As the Director of the research project issuing the report put it:  “The growing gap between the haves and the have-nots has become much more exaggerated over the last 10 years.” (See, “Spending Inequity in Colleges Has Risen.”)

And there is growing inequality among jobs.  The official jobless figures are getting worse, but just having a job is no longer protection against poverty.  So many are underemployed, partially employed or just plain exploited.

As a society we protect ourselves from the full impact of this widening gap by fragmenting the news.  We all know parts of it, but the whole picture is not being presented.  We get to see one part of the elephant at a time.

It might be too frightening to see the whole, and we might start to feel the need to do something about it.

 

 

 

 

 

 

 

 

 

MYTHS OF REGULATION

What’s “Bad For Business” and What’s Not

Conservatives have embraced the truism that businesses are hurt by government regulation.  Ideologically, they argue, rules infringe on individual freedom, but they have also persuaded themselves that they are actually bad for the bottom line.

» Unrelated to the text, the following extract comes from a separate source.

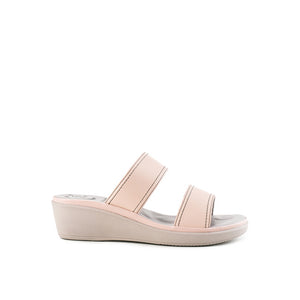 Obermain Sandal Wanita Wedges Mia Febbie In Pink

They are a drag on productivity, they claim, because they take so much time and so many resources to implement.  Moreover, they inhibit creativity and discourage innovation.  The U.S. Chamber of Commerce has said that small businesses “pay the price in higher costs, whether it is fuel or health care or whether it’s being able to find access to capital.”   As a result, the argument goes, regulations end up being bad for consumers too.

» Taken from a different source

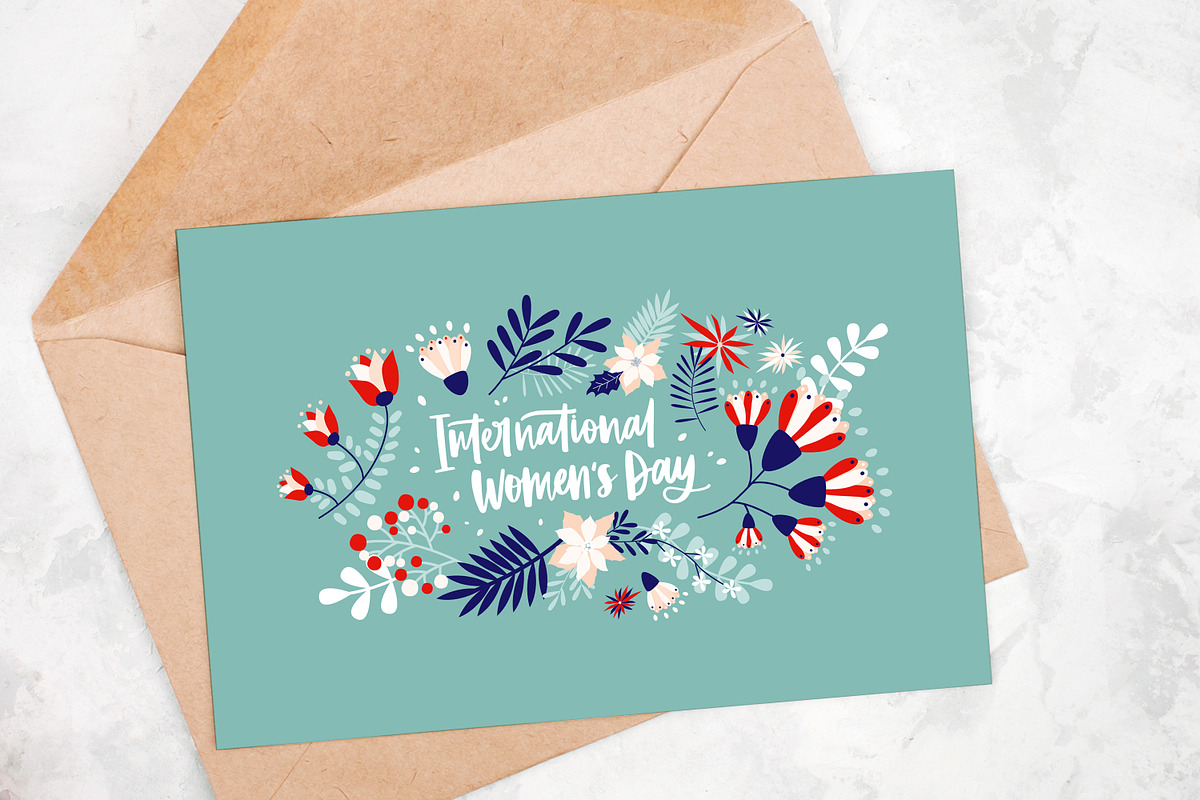Women's Day floral cards, a Decorative Illustration by Good Studio (Photo 6 of 7)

So it was something of a surprise to see a survey, conducted by the McClatchy Newspapers, indicating that small business owners don’t actually think that way.  (See, “Regulations, Taxes Aren’t Killing Small Business, Owners Say.”)

“None of the business owners complained about regulation in their particular industries, and most seemed to welcome it.”  Moreover, like many of the rest of us, “Some pointed to the lack of regulation in mortgage lending as a principal cause of the financial crisis that brought about the Great Recession of 2007-09 and its grim aftermath.”

Also, like many of the rest of us, they see the unfair advantages that many large business gain from tax loopholes.  Small businesses are not able to lobby as the large ones do or make contributions to the election campaigns of legislators in return for special favors.

According to the report, many small business owners actually thought governmental regulation is constructive.  “An executive in the hospitality business notes:  ‘The health and safety of our guests depend on regulations.’”

That isn’t to say they don’t face a lot of problems stemming from external requirements.  As one put it, “You cannot go into business, any business — small business or large business — unless you can afford insurance.”  Some complained in particular about workers’ compensation claims.

Another complained about the Internet. One said: “Everybody thinks the Internet is this great thing that is happening to the world, but it is really, I think, killing a lot of small business. People that we talk to that are no longer in business say the same thing exactly.”

In general, they are afraid of the shape of the economy:  “I think the business climate is so shaky that I would not want to undergo any expansion or outlay capital,” said the owner off an automobile repair shop.  He’s thinking about hiring one more mechanic.

For many of them, jobs are the key.  People not only need jobs to be able to buy from the smaller firms, but they need to have confidence that their jobs are secure. And large businesses, better able to manage the risk, are not hiring.

One builder of homes in California said, “It starts with jobs. … There’s an awful lot of people sitting on the fence; they’re waiting for a sign.”  If consumers are depressed or irrationally cautious, as Ben Bernanke suggested the other day, and not spending — along with businesses and banks – what kind of a sign would it take?